Say that you want to trade links with someone. You want the advantage of their link popularity but you don't want to send your popularity back to them. A cloaked page will help you do this if you set it up right. By placing the links only on the consumer version page but excluding them from the search engine optimized (cloaked) page, you can 'hide' them from the engine.
So yes, in that way, cloaking can affect link popularity. It's entirely in the hands of the SEO professional in the manner it's used. Cloaking is handy if you want to cross link sites and show those links to humans but don't want the engines to see the links.
A good example is if you own a computer hardware site and a travel site. The two topics are not theme related so you don't want the engines to see the links between them.
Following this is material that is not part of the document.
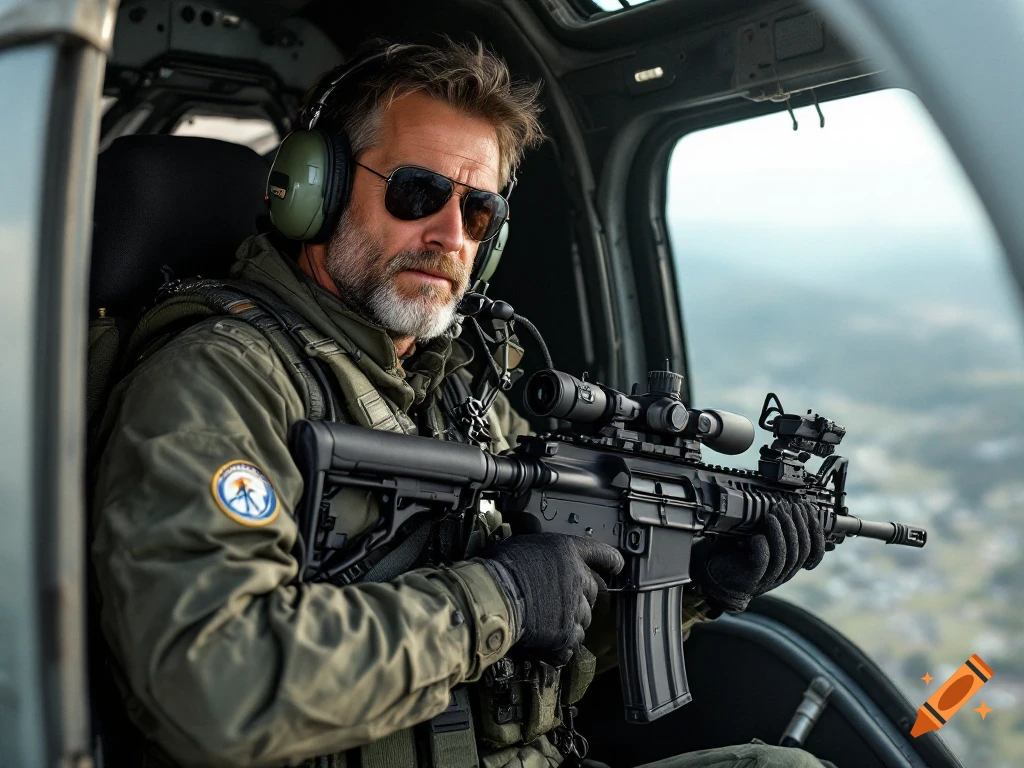Man in helicopter holding assault rifle.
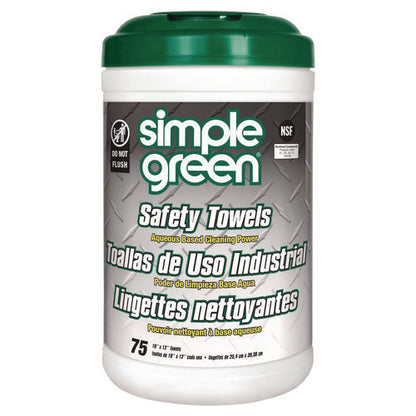 Safety Towels, 1-ply, 10 X 12, White, Unscented, 75/canister, 6 Canisters/carton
On the other hand, you might want your site visitors to see the links and a cloaking system would give you the best of both worlds.
2. Keyword Weight
Is keyword weight dying in importance, similar to its optimization buddies the META tags?
Not at all.
Campbell explains that keyword density is a very important foundation upon which everything else is built.
Different types of documents or pages have different characteristic densities. The seed set of Web pages that the theme engine used to populate its database will determine what is a normal keyword density for each keyword, based on the entire collection of pages for any particular topic.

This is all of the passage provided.